Every eight years, California cities must adopt a state-approved plan, called a housing element, which shows how the city will accommodate its share of regionally needed housing. This law has been on the books for decades but was toothless until recently. Starting in 2017, the Legislature bulked up regional housing targets, added new sanctions, required cities to loosen zoning restrictions enough to achieve their share of the regional target, and insisted that housing plans undo historical patterns of segregation and exclusion.

What HCD decides in San Diego’s case will establish a landmark precedent for cities throughout the state — San Diego County is the first region to go through this process. It will also have immediate ramifications for San Diegans. Under state law, a city that lacks a compliant housing plan forfeits authority to deny or downsize affordable housing projects on the basis of the city’s zoning code and general plan. Thus, if San Diego falls out of compliance, it would have no choice but to approve large apartment and condo buildings even in neighborhoods zoned just for single-family homes.

Perhaps to shelter the city from this serious sanction, HCD has thus far treated San Diego with kid gloves. San Diego’s housing plan was due last September, but the plan the city adopted and sent to HCD had grave shortcomings. UCLA professor Paavo Monkkonen and his students found that 65 percent of the sites San Diego identified for low-income and multifamily housing are located in the poorest third of the city’s neighborhoods. San Diego has an unusually large percentage of its land area reserved exclusively for single-family homes, yet the city’s plan did not open any of these neighborhoods to multifamily housing. This flaunts the Legislature’s mandate to “affirmatively further fair housing.”

San Diego’s housing plan also presumed that every single parcel of land identified as having redevelopment potential will definitely be developed for new housing during the eight-year planning period. This parlor trick allowed the city to “show” that it can accommodate its share of regionally needed housing (108,000 new homes) without relaxing any land-use restrictions. Yet during any given eight-year period, many sites that have redevelopment potential will be tied up by long-term leases, held back by owners who don’t want to sell or stay unchanged for other reasons. San Diego’s “every parcel will be developed” assumption is like a university that needs a freshman class of 1,000 students deciding to admit only 1,000 applicants, even though the university knows (or could easily learn) from past experience that only about 1 in 3 admitted students will enroll. Just as the university would need to admit 3,000 applicants in order to enroll a class of 1,000, cities need to zone for several times their housing target in order to reach it. San Diego did not.
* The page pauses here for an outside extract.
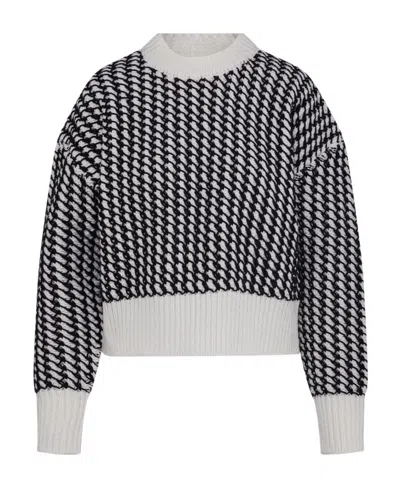 BOTTEGA VENETA RIB KNITTED SWEATER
But instead of finding San Diego to be out of compliance last September, HCD deemed the city’s status quo plan “conditionally compliant” and gave the city six months to adopt amendments about fair housing and housing sites’ likelihood of development (the college admissions analogy). Disappointingly, the city has adopted no such amendments. Instead, in February, it quietly floated some inconsequential draft revisions that leave the status quo intact.

One of us leads a coalition of nonprofits that will soon launch a first-time home-buyer grant program for lower-income people of color. Our goal is to build modest for-sale homes — accessible to households earning no more than 80 percent of San Diego’s area median income — in high-wealth, low-crime neighborhoods. We’ve received several million dollars in charitable commitments, but the single greatest barrier we face is restrictive single-family zoning that makes it impossible to construct smaller, more affordable homes in most of the city.

It is a moral and economic imperative that San Diego open up exclusionary neighborhoods and revise its zoning code to allow a lot more multifamily housing. It’s also the law. HCD and Gov. Gavin Newsom must stand tall and enforce it. If they don’t, cities across the state will infer that compliance with the state’s “strengthened” housing law just requires embellishing the status quo with cheap talk about good intentions.

 

February 11, 2021

Who decides whether California misjudged the Bay Area's housing needs? (And why it matters)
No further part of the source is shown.